DATA FOR ANALYSIS:
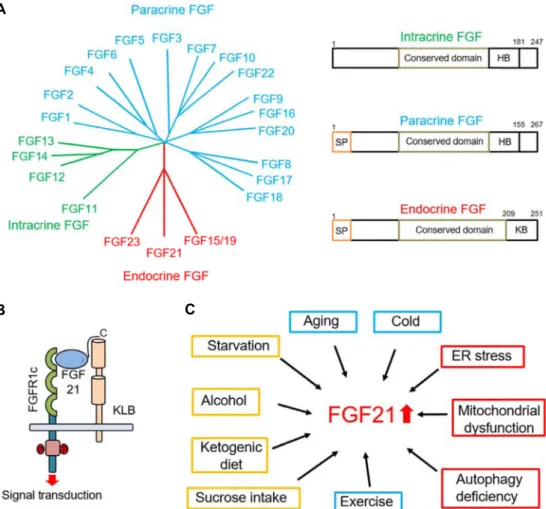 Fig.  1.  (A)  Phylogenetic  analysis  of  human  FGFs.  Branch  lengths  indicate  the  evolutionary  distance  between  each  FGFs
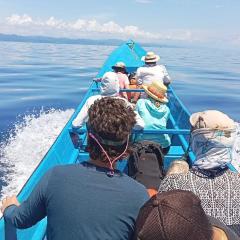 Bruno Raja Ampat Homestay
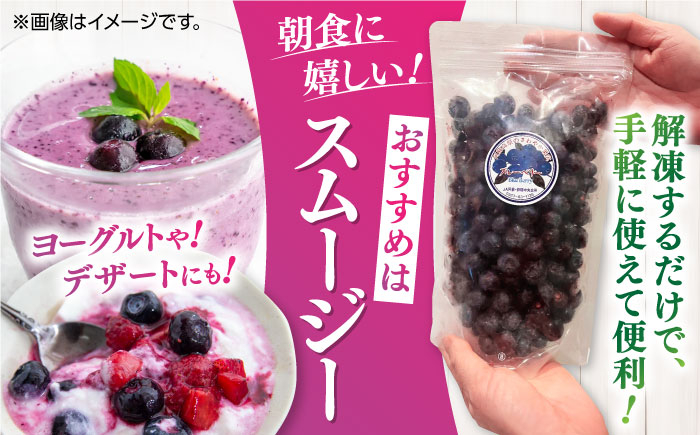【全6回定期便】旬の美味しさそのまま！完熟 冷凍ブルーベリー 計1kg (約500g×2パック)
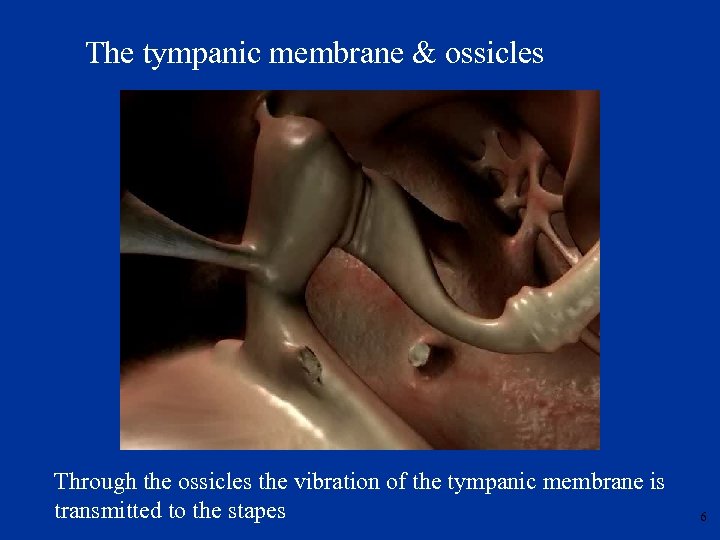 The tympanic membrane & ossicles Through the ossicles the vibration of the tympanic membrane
* * *
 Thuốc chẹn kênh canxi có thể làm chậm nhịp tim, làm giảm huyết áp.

YOUR OBJECTIVE: Word for word, repeat the lines above from the one with "冷凍ブルーベリー 計1kg (約500g×2パック)" through the one with "The tympanic membrane &", and nothing beyond them. Omit the pictures.

ANSWER TO THE PROBLEM:
【全6回定期便】旬の美味しさそのまま！完熟 冷凍ブルーベリー 計1kg (約500g×2パック)
 The tympanic membrane & ossicles Through the ossicles the vibration of the tympanic membrane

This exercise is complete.